▶ **EXERCISE GOAL**
Go over the data below line by line, and state how many lines contain the string "View". Give the number only.

▶ **INPUT RECORDS**
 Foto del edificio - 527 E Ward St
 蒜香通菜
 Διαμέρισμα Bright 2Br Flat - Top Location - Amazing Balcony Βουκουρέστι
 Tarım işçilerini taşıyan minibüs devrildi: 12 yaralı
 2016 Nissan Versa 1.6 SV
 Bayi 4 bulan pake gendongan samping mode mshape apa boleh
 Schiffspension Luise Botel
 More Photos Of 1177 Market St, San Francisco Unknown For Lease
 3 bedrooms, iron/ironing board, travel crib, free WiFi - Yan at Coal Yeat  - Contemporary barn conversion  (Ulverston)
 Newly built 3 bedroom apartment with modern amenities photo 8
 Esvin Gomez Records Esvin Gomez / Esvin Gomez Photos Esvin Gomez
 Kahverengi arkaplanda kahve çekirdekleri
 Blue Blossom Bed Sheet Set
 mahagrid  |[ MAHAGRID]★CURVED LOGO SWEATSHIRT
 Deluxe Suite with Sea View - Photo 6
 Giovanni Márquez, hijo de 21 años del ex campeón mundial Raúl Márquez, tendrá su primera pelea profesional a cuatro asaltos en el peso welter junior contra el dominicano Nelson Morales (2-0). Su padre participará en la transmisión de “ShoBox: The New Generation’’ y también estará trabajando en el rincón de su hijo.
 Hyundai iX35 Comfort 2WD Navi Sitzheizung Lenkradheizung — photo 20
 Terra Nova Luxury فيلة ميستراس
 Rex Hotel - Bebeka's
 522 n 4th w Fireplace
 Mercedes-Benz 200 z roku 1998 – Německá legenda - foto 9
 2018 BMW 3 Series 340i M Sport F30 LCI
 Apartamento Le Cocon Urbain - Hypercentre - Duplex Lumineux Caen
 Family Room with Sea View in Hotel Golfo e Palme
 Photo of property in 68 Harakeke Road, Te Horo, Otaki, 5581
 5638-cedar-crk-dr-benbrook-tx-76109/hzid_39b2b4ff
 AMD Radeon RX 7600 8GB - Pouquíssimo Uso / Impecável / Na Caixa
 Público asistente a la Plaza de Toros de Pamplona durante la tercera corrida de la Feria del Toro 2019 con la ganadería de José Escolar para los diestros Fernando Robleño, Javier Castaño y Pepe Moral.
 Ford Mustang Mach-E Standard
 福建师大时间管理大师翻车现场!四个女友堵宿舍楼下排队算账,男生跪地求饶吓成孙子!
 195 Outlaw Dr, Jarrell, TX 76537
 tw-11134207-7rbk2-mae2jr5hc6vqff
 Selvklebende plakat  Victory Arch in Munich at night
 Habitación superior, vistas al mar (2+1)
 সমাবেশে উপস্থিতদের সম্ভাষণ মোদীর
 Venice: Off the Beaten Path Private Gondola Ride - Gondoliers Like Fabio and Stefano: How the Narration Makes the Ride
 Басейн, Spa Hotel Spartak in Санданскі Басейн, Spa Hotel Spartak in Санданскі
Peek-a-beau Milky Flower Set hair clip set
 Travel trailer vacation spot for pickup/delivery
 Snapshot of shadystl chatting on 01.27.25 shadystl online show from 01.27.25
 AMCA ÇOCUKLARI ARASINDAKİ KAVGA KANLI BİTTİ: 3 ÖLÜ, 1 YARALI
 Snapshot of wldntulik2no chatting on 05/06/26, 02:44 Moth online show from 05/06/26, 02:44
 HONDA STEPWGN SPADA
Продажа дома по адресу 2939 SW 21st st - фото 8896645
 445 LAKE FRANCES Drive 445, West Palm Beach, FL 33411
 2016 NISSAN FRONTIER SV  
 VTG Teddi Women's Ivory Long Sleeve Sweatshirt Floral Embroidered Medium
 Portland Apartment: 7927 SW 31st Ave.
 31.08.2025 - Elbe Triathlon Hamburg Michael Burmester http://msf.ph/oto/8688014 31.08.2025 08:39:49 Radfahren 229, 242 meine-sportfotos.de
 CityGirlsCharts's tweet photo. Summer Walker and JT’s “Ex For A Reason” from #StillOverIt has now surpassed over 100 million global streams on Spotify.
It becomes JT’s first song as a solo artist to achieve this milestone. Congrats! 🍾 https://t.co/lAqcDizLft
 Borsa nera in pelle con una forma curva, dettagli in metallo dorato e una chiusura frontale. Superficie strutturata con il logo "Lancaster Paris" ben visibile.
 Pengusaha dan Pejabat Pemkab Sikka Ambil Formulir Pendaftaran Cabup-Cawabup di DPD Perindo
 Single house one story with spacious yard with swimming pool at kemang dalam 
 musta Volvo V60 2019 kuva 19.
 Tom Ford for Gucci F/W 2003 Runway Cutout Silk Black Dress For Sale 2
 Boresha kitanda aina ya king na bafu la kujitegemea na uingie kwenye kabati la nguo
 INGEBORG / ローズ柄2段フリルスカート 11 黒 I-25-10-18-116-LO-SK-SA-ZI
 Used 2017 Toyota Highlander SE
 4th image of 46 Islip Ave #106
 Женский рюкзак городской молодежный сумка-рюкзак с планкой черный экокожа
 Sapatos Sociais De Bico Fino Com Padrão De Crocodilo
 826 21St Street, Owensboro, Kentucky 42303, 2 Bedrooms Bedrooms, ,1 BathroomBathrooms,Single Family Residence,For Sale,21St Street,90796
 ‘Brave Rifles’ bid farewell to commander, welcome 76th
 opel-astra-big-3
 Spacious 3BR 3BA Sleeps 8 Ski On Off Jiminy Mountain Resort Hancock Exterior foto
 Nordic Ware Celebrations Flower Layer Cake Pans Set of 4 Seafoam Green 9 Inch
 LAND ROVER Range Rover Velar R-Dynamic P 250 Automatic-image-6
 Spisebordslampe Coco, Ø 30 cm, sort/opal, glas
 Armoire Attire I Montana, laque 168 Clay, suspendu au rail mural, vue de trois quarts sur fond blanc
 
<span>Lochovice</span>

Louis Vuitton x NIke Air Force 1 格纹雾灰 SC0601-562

▶ **RESPONSE BOX**
2